Benvenuta su Giallo e Cucina Alice Basso!

Anita Bo, giovane dattilografa torinese, è il personaggio seriale uscito dalla penna di Alice Basso nel 2020. Con “Le aquile della notte” uscito il 16 maggio u.s. siamo alla quarta, penultima avventura, come dichiarato dall’autrice. Gli altri libri della serie sono: Il morso della vipera, Il grido della rosa, Una stella senza luce, tutti usciti per Garzanti.

 

  1. MaBal – Alice so che hai già iniziato a scrivere l’ultimo libro della serie di Anita, vorrei che tu spiegassi a chi ci legge perché la scelta di fermarti al quinto libro?

A.B. Ah, grazie della domanda! Be’, io sono una grande, GRANDE fan delle serie brevi, compatte, con un inizio e una fine in cui si tirano le fila, i cerchi si chiudono, e, diciamo, “tutto torna”. Poche cose mi esasperano, da lettrice o spettatrice, come le serie che sembrano partire bene, con un bel progetto solido e originale, e poi si sfilacciano, tirano lungo, oppure a un certo punto si chiudono all’improvviso annodando male i fili di cui sopra, e magari nemmeno tutti. Lì hai la netta sensazione che a decidere se la serie dovesse continuare o chiudersi sia stato non l’autore ma chi guarda ai soldi. Quindi, visto che sono fortunata e il mio editore me lo lascia fare, io preferisco progettare una serie sin dal primo volume come fosse un unico lungo romanzo, e darle un finale pensato organicamente a tutto il resto sin dall’inizio. E perché proprio cinque libri? Mi sembra la lunghezza giusta per affezionarci (sia io che i lettori) ai personaggi e alla storia, senza però annoiarci o lasciar spazio a lungaggini. Non so se sia condivisibile da tutti, eh: idea mia!

 

  1. MaBal – L’ironia è una cifra della tua scrittura ma la collocazione storica fa sì che le vicende del ventennio siano ben presenti, in questo libro, per esempio, l’invasione dell’Abissinia. È inusuale trovare ironia e fascismo nella stessa narrazione, devo dire che ti riesce benissimo. Come ti prepari alla scrittura, parti da un fatto che ti colpisce e lo adatti al personaggio o partendo dal personaggio, conoscendolo, costruisci la trama del libro?

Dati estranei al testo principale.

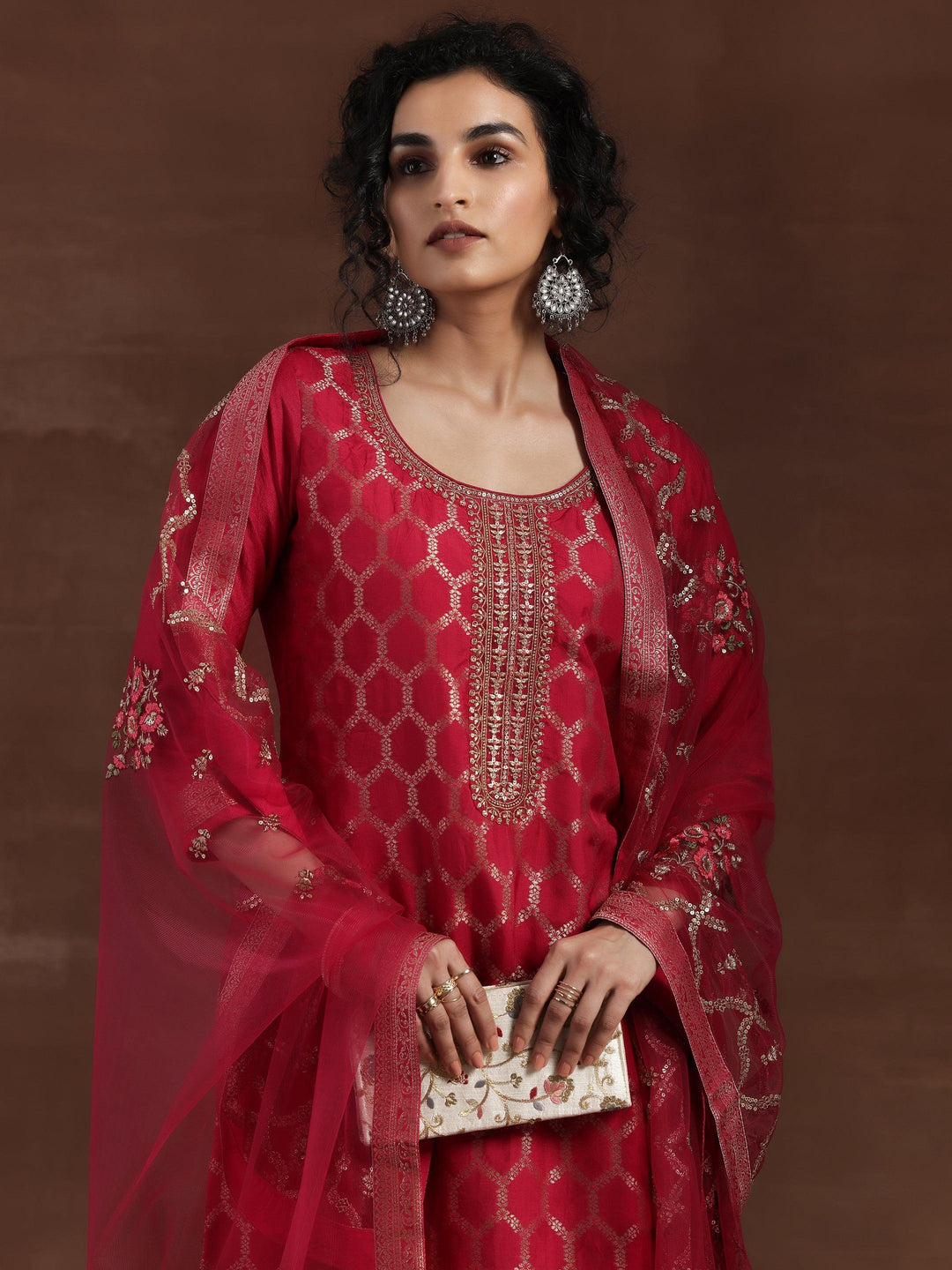 Pink Woven Design Silk Blend Straight Suit With Dupatta - Libas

A.B. Credo sia stata una progressione, una specie di spirale dal grande al piccolo; provo a descrivertela. Il primo passo è stato decidere, come tema generale, che volevo parlare di una dattilografa e di un giallista nel Ventennio, per raccontare due fettine di storia che mi interessano moltissimo, ossia il modo in cui la professione della dattilografia ha emancipato un sacco di ragazze, e il modo in cui i giallisti cercavano eroicamente di scrivere le loro storie nonostante i mille intoppi della censura. Il secondo passaggio è stato inventare due personaggi che potessero raccontare queste storie, ossia Anita e Sebastiano. Una volta definiti i loro caratteri, e quindi compreso con che spirito avrebbero potuto muoversi e agire, ho cercato le ispirazioni per i singoli casi su cui farli investigare (ogni libro contiene un giallo), partendo dai sotto-scenari più interessanti da raccontare: e quindi ho selezionato l’Opera nazionale Maternità e Infanzia, le case di tolleranza, Torino capitale del cinema,  il mondo degli scout che all’epoca erano pericolosi fuorilegge (!), le interferenze temibili dell’OVRA e così via. Approfondendo ciascuno di questi scenari, ognuno dei quali sarebbe diventato lo sfondo per uno dei casi, e cioè dei libri, ho scoperto anche casi di cronaca realmente accaduti sui quali ho plasmato i casi dei miei libri.

 

  1. MaBal – Anita Bo è una giovane donna, apparentemente frivola, che vive nel periodo fascista, perché hai scelto un personaggio così?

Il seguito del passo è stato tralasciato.